We heard 72. We think they were attacked by one of our Hurricanes or Spitfires and that they unloaded their whole load in one spot.

Leatherhead was ringed?

It stretched from the Yarm Court estate here to the Warren estate at Ashtead, effectively a straight line. We had five or six bombs within about 50 yards of this house.

The architect of the house said the blast would have caused the house to “breathe”. In other words just to expand a little bit and then come together again. We still have cracks in the house which have been reappearing every time we have had it redecorated. We have had to have them papered over in order to stop them reappearing. Of course we had to have the front door remade, the middle door between the hall and the lounge remade, and the French windows at the back replaced entirely because they were twisted. One or two other windows also had to be replaced.

When you arrived the road was cut off by police and civil defence.

I was working with the Bank of England down at Winterbourne near Whitchurch in Hampshire and I got a message through that the house had been badly damaged. I wasn’t worried because the family was all right. I got the first train I could to Surbiton. I grabbed a taxi at Surbiton and another alert went on. The cabby said: “Do you want to go on, guvner? It’s all right by me.” I said yes I did.

I was stopped at the barrier at the top of the road by police and army but allowed to come through as my house was here and I didn’t know where my family was. I found the house in a terrible mess but as I came over the brow of the hill two delayed action bombs went off just on the other side of the trees. As there wasn’t an alert on at the time the time I wondered what the blazes it was.

Did you throw yourself to the ground?

I didn’t dare. You see there was no noise of bombs coming, no alert. I just turned round in astonishment to see part of the trees going up in the air. I examined the place afterwards and there were two holes big enough to put buses in.  So they must have been at least 500 pounds.

You saw your house ringed by the roof tiles.

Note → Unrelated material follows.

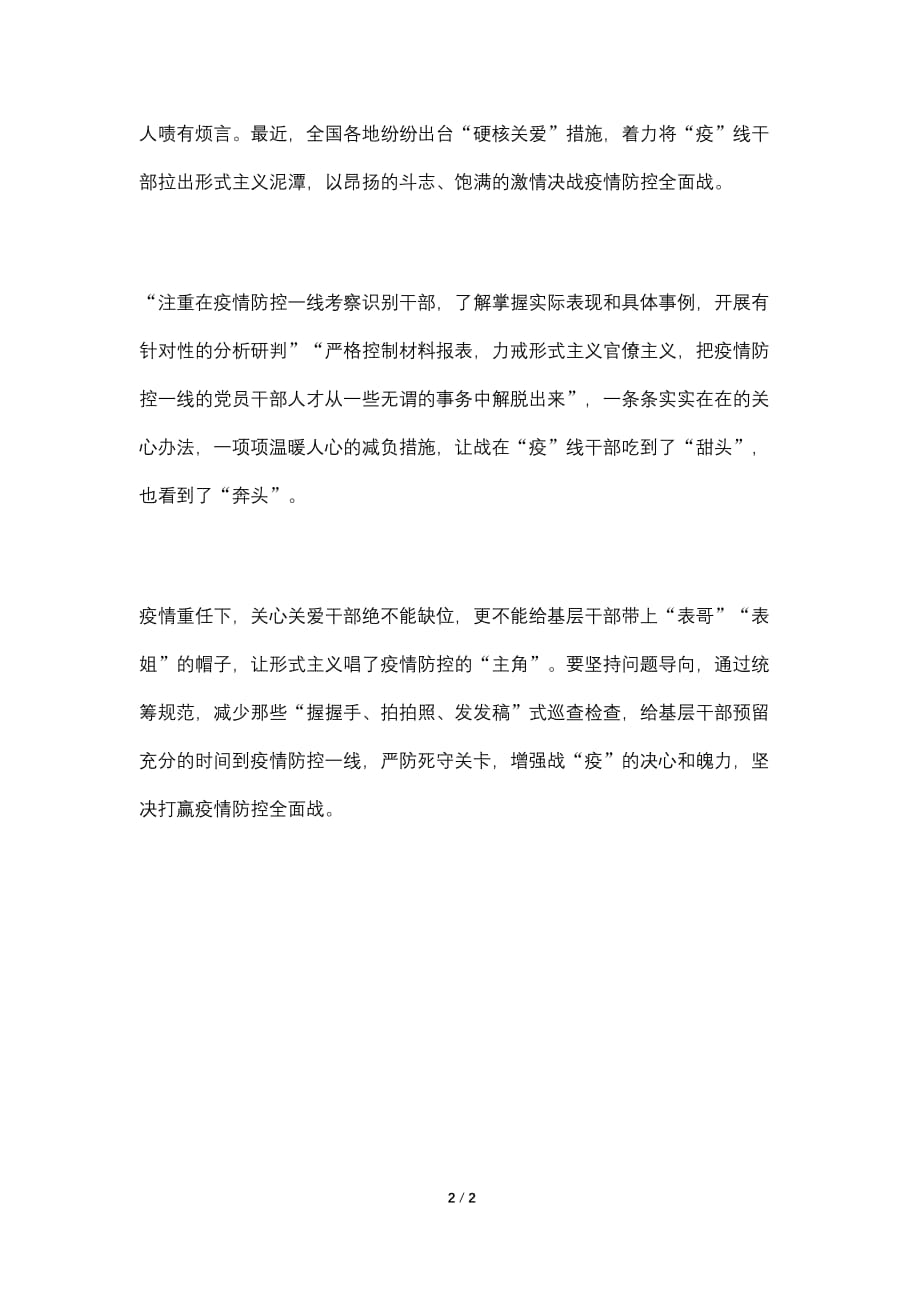 2021整治疫情防控中的形式主义官僚主义心得_第2页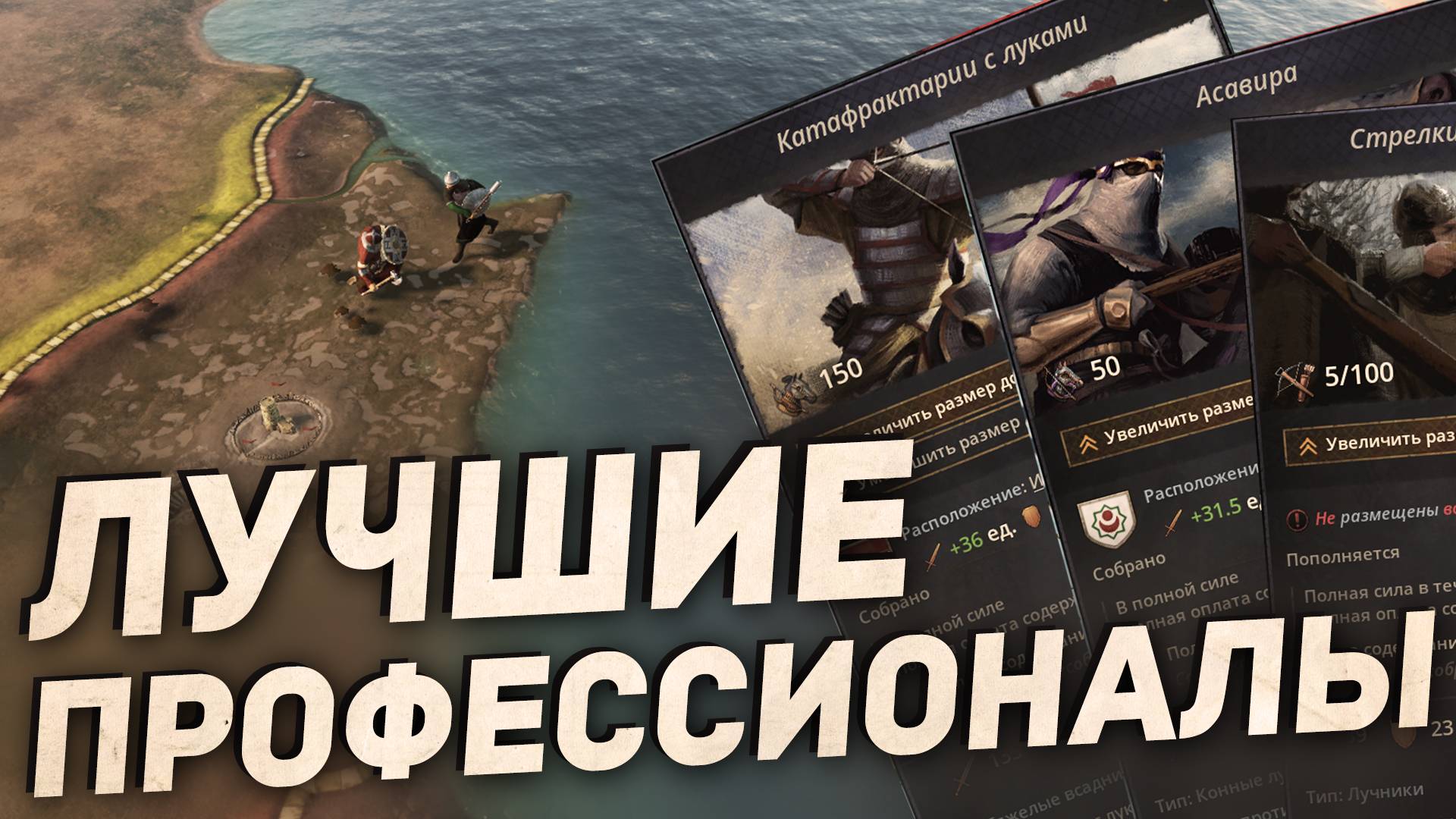 ПОБЕДИШЬ ЛЮБОГО! ЛУЧШИЕ ПРОФЕССИОНАЛЬНЫЕ ОТРЯДЫ в Crusader Kings 3 смотреть онлайн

Yes, the house was absolutely ringed by the tiles. What struck me as so curious was that the letter box was underneath the tiles on the outside of the house but the lock was inside the house where I suppose it had been blown in. Luckily the house was boarded and felted so that it was still waterproof although practically every window in the house was broken.

I came back three weeks later and found that several of the windows had been replaced. Being the first incident in this area the builders came straight back into the house to rebuild it as necessary. They re-glazed the whole house but I came back and found several of the windows at the back of the house broken with flint stones on the floor inside the bedroom upstairs. The bombs had dropped about 100 yards across the place. Later. But that was the extent of the damage. There was no damage to the house afterwards.

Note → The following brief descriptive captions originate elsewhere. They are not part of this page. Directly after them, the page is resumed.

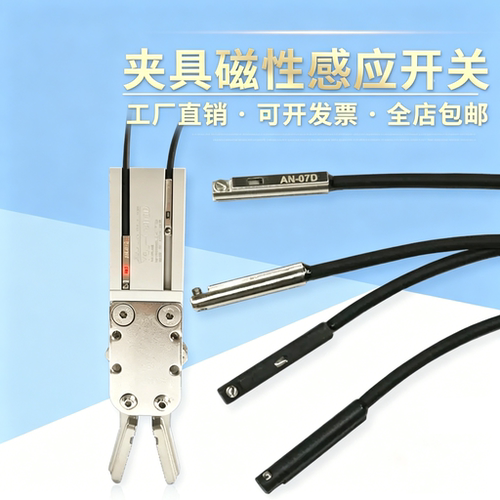 注塑机水口夹具磁性感应开关线AN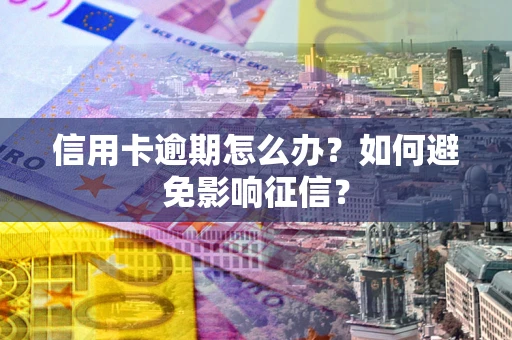济南信用卡逾期怎么办？如何避免影响征信？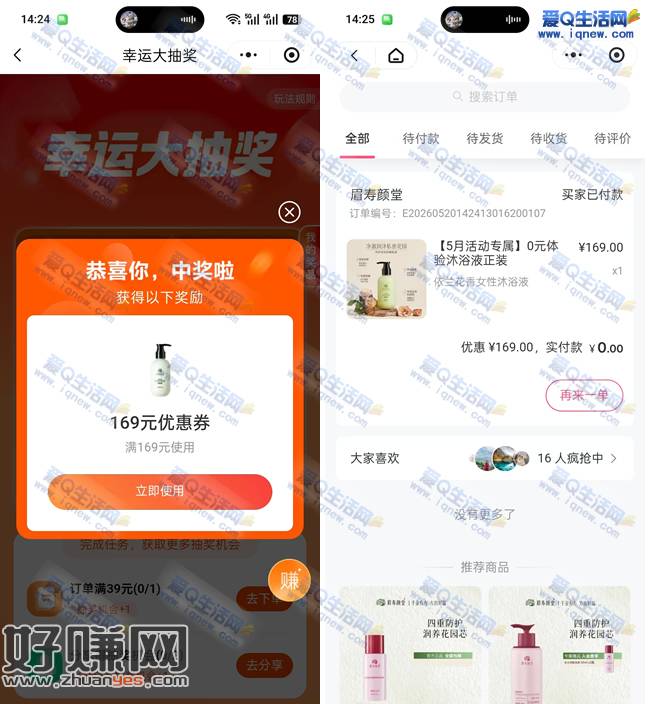 眉寿颜堂抽实物 亲测中沐浴露一瓶包邮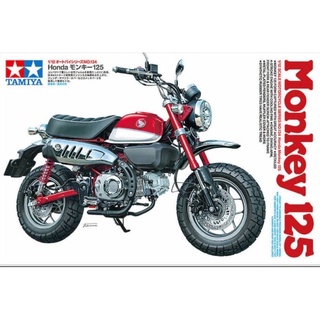 โมเดลฮอนด้ามังกี้ Tamiya Honda Monkey125 1:12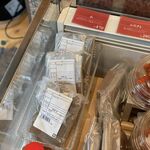 キムチのほし山 - 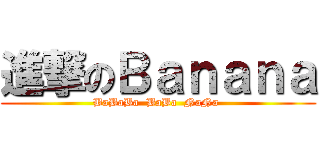 進撃のＢａｎａｎａ (BaBaBa  BaBa  NaNa )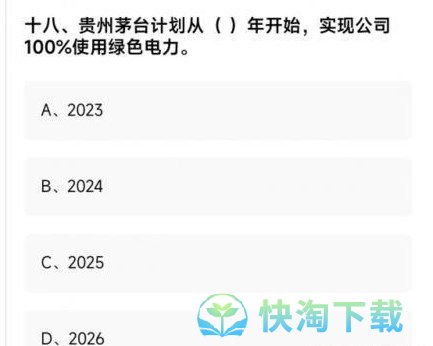 《i茅台》21周年抽奖答题活动全部题目答案大全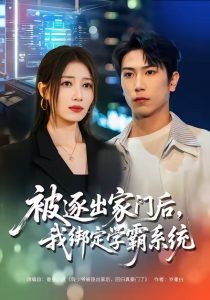 被逐出家门后，我绑定学霸系统（80集）张旭＆张笑颜-免费短剧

[The bombs dropped were 200 pounders and the name of the postman was Hatchwell.]

[Mrs Browning said that after the first incident, Dr Topping, a friend who lived nearby, rushed round to see how they were. Dr Topping was the creator of Brunel University subsequently He was a Quaker and introduced her to Mrs Melcombe in Woodvill Lane who took the family in.]


Maurice Henry BROWNING, born 25 October 1906 in Camberwell, London. Married Lily F MONEY in the June quarter of 1931 in Camberwell. Died in the June quarter of 1993 in Surrey Mid Eastern.

 Lily Fawnia C MONEY born 18 February 1903. Died in the June quarter of 1995 in Surrey Mid Eastern.